━━━━━ Excerpted records ━━━━━

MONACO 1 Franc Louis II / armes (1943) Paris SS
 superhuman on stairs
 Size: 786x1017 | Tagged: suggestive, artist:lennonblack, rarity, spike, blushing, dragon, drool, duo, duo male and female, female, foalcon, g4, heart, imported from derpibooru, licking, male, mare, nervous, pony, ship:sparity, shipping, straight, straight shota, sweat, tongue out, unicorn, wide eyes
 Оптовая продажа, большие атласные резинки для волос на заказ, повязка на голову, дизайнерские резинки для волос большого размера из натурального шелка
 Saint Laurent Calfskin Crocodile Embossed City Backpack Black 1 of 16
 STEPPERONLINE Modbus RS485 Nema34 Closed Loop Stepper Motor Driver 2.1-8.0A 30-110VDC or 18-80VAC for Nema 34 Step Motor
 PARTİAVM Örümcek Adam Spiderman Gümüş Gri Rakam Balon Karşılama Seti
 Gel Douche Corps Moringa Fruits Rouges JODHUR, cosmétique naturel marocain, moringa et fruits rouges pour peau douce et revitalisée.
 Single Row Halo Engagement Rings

━━━━━

■ Task prompt
Only the lines from the one holding "Size: 786x1017 |" through the final line of the entries, both included, should be given again, word for word.

■ Answer for this exercise
 Size: 786x1017 | Tagged: suggestive, artist:lennonblack, rarity, spike, blushing, dragon, drool, duo, duo male and female, female, foalcon, g4, heart, imported from derpibooru, licking, male, mare, nervous, pony, ship:sparity, shipping, straight, straight shota, sweat, tongue out, unicorn, wide eyes
 Оптовая продажа, большие атласные резинки для волос на заказ, повязка на голову, дизайнерские резинки для волос большого размера из натурального шелка
 Saint Laurent Calfskin Crocodile Embossed City Backpack Black 1 of 16
 STEPPERONLINE Modbus RS485 Nema34 Closed Loop Stepper Motor Driver 2.1-8.0A 30-110VDC or 18-80VAC for Nema 34 Step Motor
 PARTİAVM Örümcek Adam Spiderman Gümüş Gri Rakam Balon Karşılama Seti
 Gel Douche Corps Moringa Fruits Rouges JODHUR, cosmétique naturel marocain, moringa et fruits rouges pour peau douce et revitalisée.
 Single Row Halo Engagement Rings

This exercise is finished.